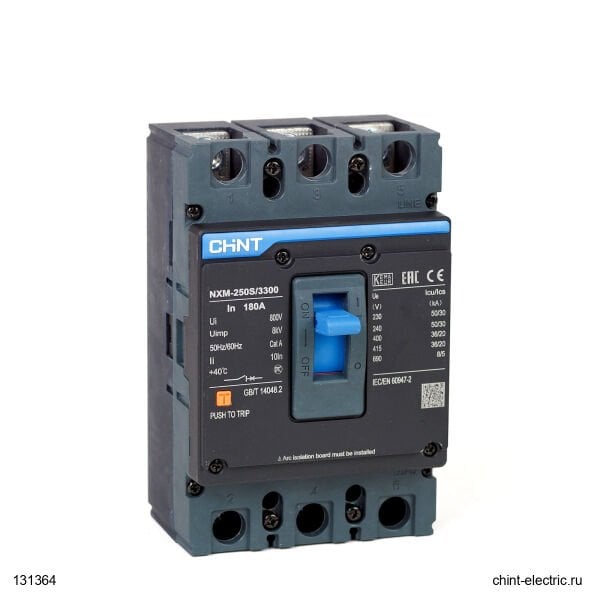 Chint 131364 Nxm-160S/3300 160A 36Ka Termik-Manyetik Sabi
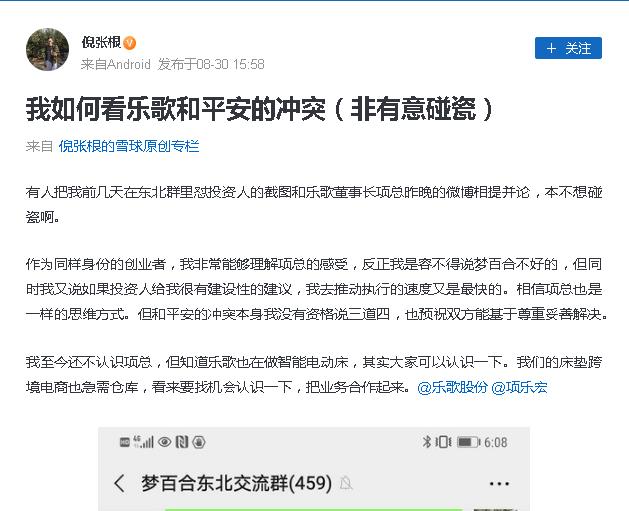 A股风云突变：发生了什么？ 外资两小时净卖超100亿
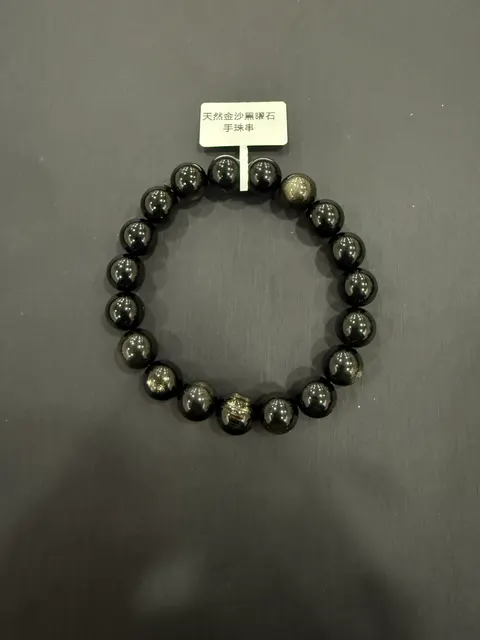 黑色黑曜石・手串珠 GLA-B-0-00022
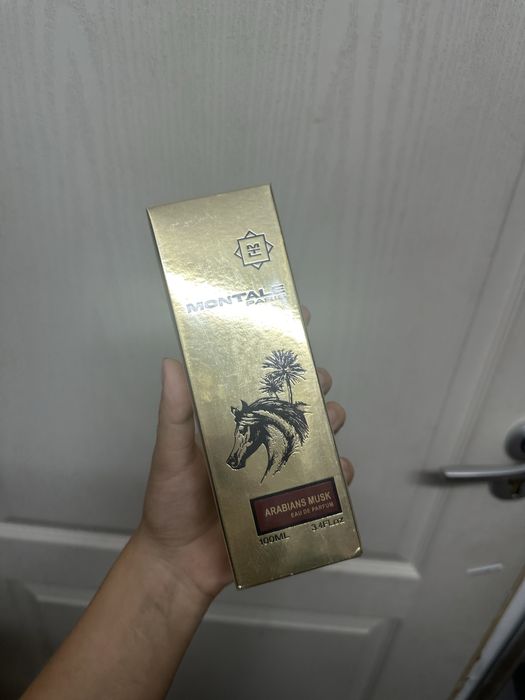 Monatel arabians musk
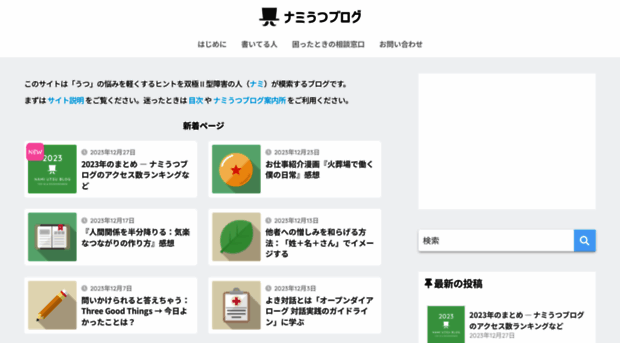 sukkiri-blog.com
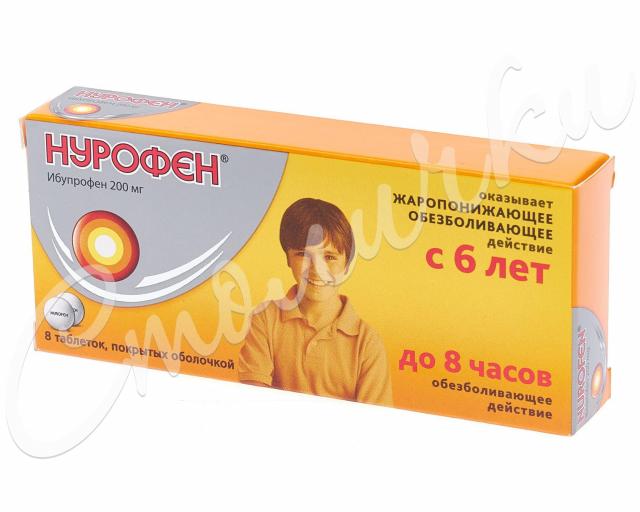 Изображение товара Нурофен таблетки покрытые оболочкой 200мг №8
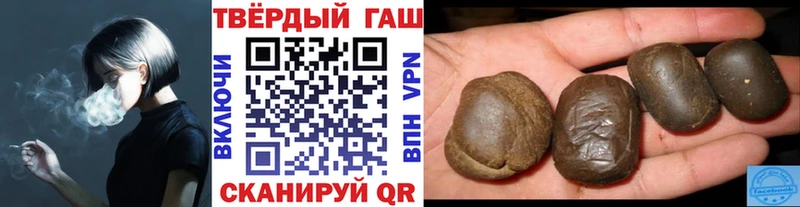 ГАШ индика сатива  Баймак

....................

* Instructions to follow
Please set the records down again exactly as written. The pictures should not be included.

* Response
 Chint 131364 Nxm-160S/3300 160A 36Ka Termik-Manyetik Sabi
 A股风云突变：发生了什么？ 外资两小时净卖超100亿
 黑色黑曜石・手串珠 GLA-B-0-00022
 Monatel arabians musk
 sukkiri-blog.com
 Изображение товара Нурофен таблетки покрытые оболочкой 200мг №8
 ГАШ индика сатива  Баймак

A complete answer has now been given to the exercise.